Just How Do Pharmaceutical Drugs Get in Drinking Water?

If you’ve read the news recently, you’ve probably heard that small amounts of pharmaceutical drugs have been found in drinking water. You’re probably asking yourself, “How do pharmaceutical drugs get in drinking water?” There are a couple of ways that drugs get in our drinking water and unless we as a nation stop taking pharmaceutical drugs altogether, there is little that can be done to prevent it.

A probe finds drugs in drinking water and the general public panics. Most of you may have not heard about this problem until now. Did you know that our government and water providers have known about this for a long time but have kept it a secret from the general public because they did not believe that we knew how to interpret the information correctly?

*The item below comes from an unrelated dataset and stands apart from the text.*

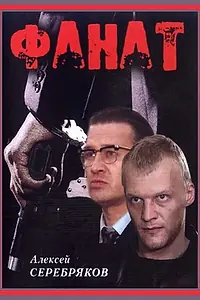 Главный постер фильма «Фанат (1989)»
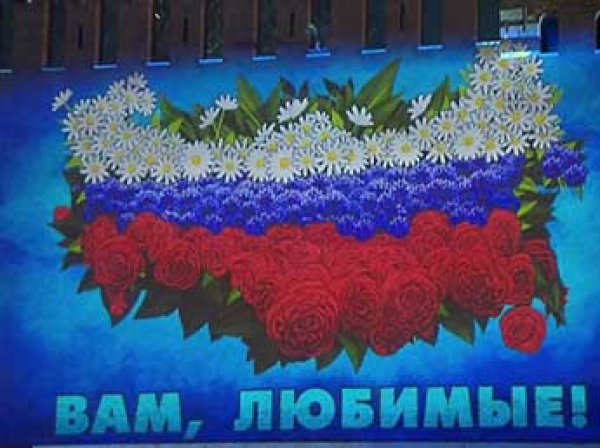 На стене Кремля впервые появилась открытка-поздравление с 8 Марта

None of us, not even the scientific community, knows the exact risks posed by long-term exposure to small amounts of medications. What we do know however, is that extended exposure to small amounts of drugs can negatively affect human cells and wildlife. So how do pharmaceutical drugs get in drinking water?

As a probe finds drugs in drinking water, many people have questions and want answers. Most prescription drug traces get in drinking water because when people take drugs their bodies do not absorb it all and whatever doesn’t get absorbed is eliminated. Whatever gets eliminated is then flushed down the toilet and heads to the water treatment plant. Water treatment facilities are not equipped to remove prescription drug traces from the water so the “treated” water is released back into the water supply.

How do pharmaceutical drugs get in drinking water in other ways? Most commonly, people flush unneeded or expired drugs down the toilet in individual homes and in nursing homes and hospitals. These drug traces may not show obvious side effects but scientists worry that lifetime exposure can cause irreversible damage.

So what can we do to protect ourselves? As a probe finds drugs in drinking water, our government is finally starting to take action. However, since our government is currently still lagging behind in regulating the amount of drugs found in drinking water, presently our only option is to invest in a home water filtration system. Carbon block and carbon granular filters are the most effective at removing all contaminants, including prescription drugs.

So the next time someone asks you, “How do pharmaceutical drugs get in drinking water?” you will be equipped to answer them and tell them about carbon block and carbon granular filtration. If your health and that of your friends and family concerns you, spread the word so we can all have access to healthy, clean water.